Interview with Ludivine Leborgne – Ayurveda Magazine
Jully 2017

André Riehl is a real yogi “Made in France”, who from a young age has pursued the quest for transcendence and union. His life indeed is a story worthy of an initiatory novel: André had the privilege to cross the road of many spiritual masters, accomplished and enlightened beings such as Ma Ananda Mayee, liberated Indian mystic, who was also the guru of Arnaud Desjardins and his wife Véronique. But also Goenka Ji, the great Buddhist figure who created Vipassana retreats oh-so-popular around the world, and even his master Chandra Swami, who allows him to integrate all the lessons previously received..

André Riehl gives us a deep, philosophical, poetic interview on Nidra Yoga, his specialty.
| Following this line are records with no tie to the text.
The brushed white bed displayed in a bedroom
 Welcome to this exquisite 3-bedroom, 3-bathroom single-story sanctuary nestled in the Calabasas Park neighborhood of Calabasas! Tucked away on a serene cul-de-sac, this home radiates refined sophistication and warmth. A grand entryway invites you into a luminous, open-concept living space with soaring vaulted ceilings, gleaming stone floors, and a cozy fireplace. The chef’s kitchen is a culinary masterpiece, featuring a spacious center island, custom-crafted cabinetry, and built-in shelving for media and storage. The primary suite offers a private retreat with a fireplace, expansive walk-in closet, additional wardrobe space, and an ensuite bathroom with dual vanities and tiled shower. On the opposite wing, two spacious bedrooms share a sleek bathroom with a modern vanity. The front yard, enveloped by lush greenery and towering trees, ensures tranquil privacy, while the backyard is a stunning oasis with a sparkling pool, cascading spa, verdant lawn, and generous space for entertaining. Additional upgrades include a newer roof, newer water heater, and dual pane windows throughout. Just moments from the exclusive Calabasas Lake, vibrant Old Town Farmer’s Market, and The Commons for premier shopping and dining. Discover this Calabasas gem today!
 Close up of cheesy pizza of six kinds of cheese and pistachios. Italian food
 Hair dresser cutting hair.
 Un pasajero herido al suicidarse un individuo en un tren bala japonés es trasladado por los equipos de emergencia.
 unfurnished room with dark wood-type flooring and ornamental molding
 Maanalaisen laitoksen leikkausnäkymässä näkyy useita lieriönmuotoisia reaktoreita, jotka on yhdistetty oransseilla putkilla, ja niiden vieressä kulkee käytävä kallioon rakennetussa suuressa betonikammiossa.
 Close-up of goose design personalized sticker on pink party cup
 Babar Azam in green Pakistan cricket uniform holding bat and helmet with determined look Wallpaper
He paints an uncompromising portrait of the current state of Yoga around the world and reveals a forgotten history of India, that of the men and women living before the Vedic era, the India behind the Tantric culture. Finally, he subtly reminds us of the ultimate goal of all Yoga practice: Samadhi, the state of unity. Meeting with Ludivine

1. Dear André, what is Nidrâ Yoga, what is the origin of this approach, and finally, can you explain this practice?

The first meaning of Nidra means budding, as happens during springtime. Symbolically, this represents the strength in oneself that allows us to reseed and renew entire forests, that is to say, all of our hidden potential wealth.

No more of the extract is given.